WHAT YOU NEED TO DO: Below are the records; extract from them the line containing "Hello everyone, this" to the line containing "Here I have", both lines included, exactly and with no pictures.

BEGIN MATERIAL PROVIDED

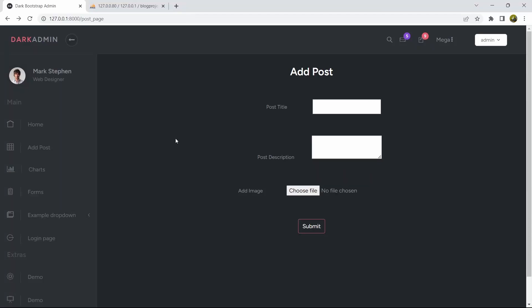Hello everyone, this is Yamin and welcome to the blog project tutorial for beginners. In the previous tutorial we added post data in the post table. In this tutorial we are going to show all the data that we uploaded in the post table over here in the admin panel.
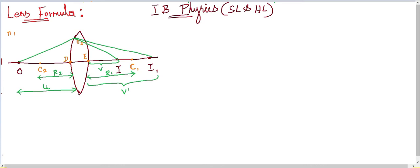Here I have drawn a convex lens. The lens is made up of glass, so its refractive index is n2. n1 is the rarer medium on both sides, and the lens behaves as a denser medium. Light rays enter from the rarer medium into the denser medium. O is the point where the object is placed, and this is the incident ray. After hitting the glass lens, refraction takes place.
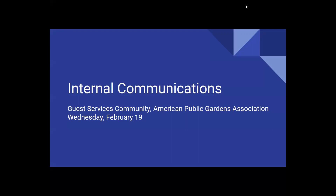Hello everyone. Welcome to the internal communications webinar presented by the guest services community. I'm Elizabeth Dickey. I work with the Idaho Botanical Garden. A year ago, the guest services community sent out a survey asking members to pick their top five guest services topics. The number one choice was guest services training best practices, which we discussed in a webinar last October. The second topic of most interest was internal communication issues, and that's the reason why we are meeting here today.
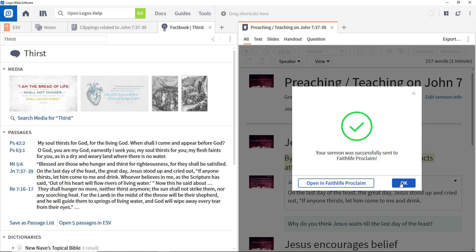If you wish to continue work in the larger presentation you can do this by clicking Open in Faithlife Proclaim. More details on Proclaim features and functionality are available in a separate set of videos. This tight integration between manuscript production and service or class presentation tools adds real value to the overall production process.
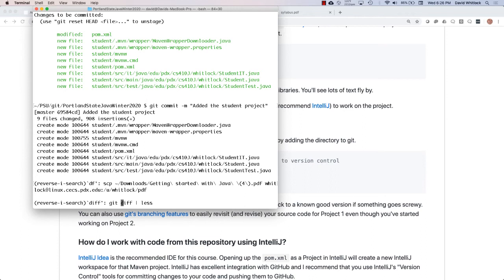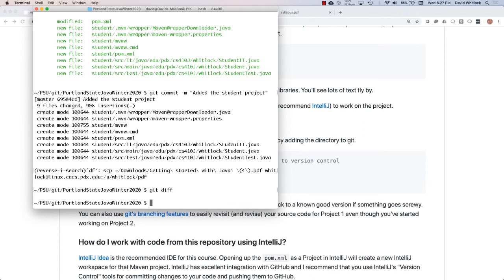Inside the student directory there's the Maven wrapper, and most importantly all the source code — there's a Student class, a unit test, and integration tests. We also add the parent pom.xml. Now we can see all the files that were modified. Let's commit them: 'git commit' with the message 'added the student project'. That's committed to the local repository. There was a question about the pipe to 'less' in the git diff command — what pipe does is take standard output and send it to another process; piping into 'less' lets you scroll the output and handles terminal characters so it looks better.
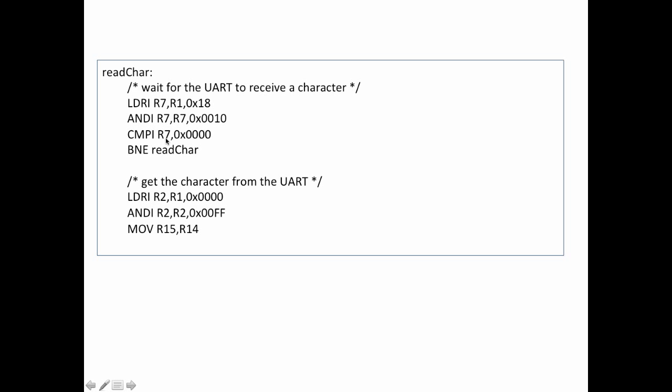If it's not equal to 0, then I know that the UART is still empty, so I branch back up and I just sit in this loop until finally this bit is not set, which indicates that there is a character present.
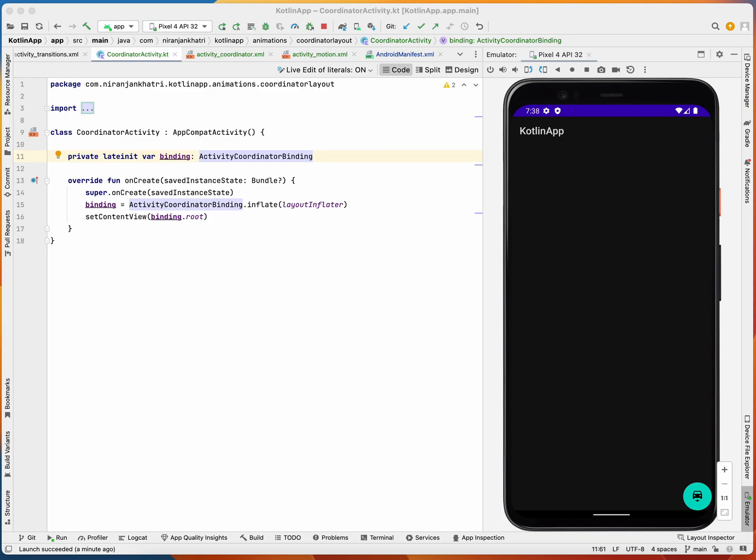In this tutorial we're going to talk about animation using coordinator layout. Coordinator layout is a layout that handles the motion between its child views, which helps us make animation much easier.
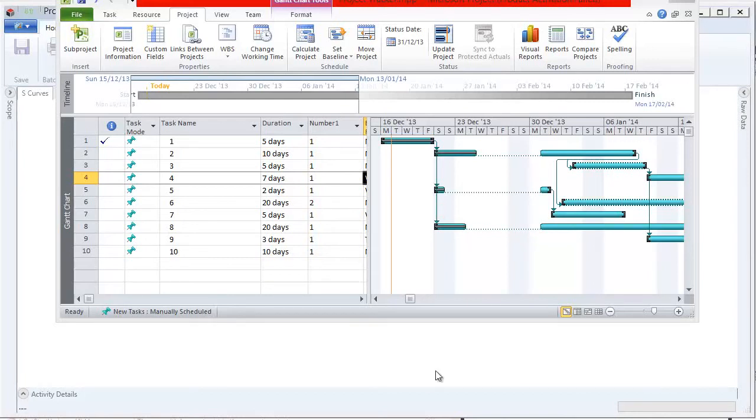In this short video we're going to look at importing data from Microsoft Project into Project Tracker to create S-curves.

END MATERIAL PROVIDED
BEGIN MATERIAL PROVIDED

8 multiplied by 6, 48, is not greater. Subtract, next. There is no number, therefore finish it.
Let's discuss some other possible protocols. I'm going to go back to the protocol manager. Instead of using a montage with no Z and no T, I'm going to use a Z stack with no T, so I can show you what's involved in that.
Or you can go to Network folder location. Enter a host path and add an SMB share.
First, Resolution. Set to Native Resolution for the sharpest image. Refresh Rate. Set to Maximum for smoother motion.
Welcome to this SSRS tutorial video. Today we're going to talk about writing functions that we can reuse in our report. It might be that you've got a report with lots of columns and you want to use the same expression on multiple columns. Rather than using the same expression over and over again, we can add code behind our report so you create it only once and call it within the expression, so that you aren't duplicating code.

END MATERIAL PROVIDED

SOLUTION BELOW:
Hello everyone, this is Yamin and welcome to the blog project tutorial for beginners. In the previous tutorial we added post data in the post table. In this tutorial we are going to show all the data that we uploaded in the post table over here in the admin panel.
Here I have drawn a convex lens. The lens is made up of glass, so its refractive index is n2. n1 is the rarer medium on both sides, and the lens behaves as a denser medium. Light rays enter from the rarer medium into the denser medium. O is the point where the object is placed, and this is the incident ray. After hitting the glass lens, refraction takes place.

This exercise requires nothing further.